There is no standalone shortfall package. The deficit derivation lives in the engine: occ computes each Need’s residual deficit vector (ADR-0027: a resource vector, not a pod count), Phase 1 surfaces it as UnsatisfiedNeed.Deficit, Phase 2 carries what preemption couldn’t fix into Phase2Result.Unresolved. The buffer — the aging ledger bounded to 100 per shard, with the paper-§9 age→escalate logic — lives in pkg/shard (report.go), fed by recordShortfalls(p2.Unresolved) (shard.go:958-962). The engine derives the number; the shard remembers it across cycles and reports the top-100 to the coordinator. Keeping the ledger out of pkg/decision keeps the phases pure (no per-cluster trust/age state) and the engine free of any cross-cycle memory beyond the inventory snapshot itself.

References

  • Papers: bigfleet.md §8 (the three phases, victim score, drain grace, release order), §16 (fixed cost formula, two penalties, priority is the sole throttle).

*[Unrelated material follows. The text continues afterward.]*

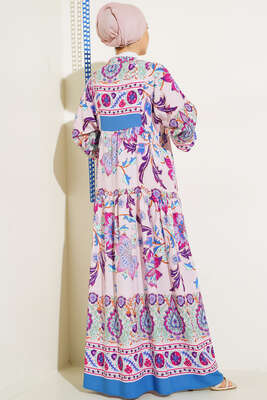 Yarı Patlı Desenli Elbise İndigo - Thumbnail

  • ADRs: 0009 (eviction + async drain), 0027 (resource-vector demand), 0029 (Phase 1 OCC), 0036 (first-rollup gate), 0040/0041/0042/0051 (Same-domain attribution), 0045 (single attribution / shrinkage-only reclaim), 0046 (actuation rails), 0049 (idle-release hold window).
  • Code: pkg/decision/{cost,match,normalize,action,phase1_assign,phase2_inversions,phase3_reclaim,release}.go, pkg/decision/occ/{cycle,seed,types}.go, pkg/machine/machine.go (EffectiveCost), pkg/shard/{shard,safety,report}.go.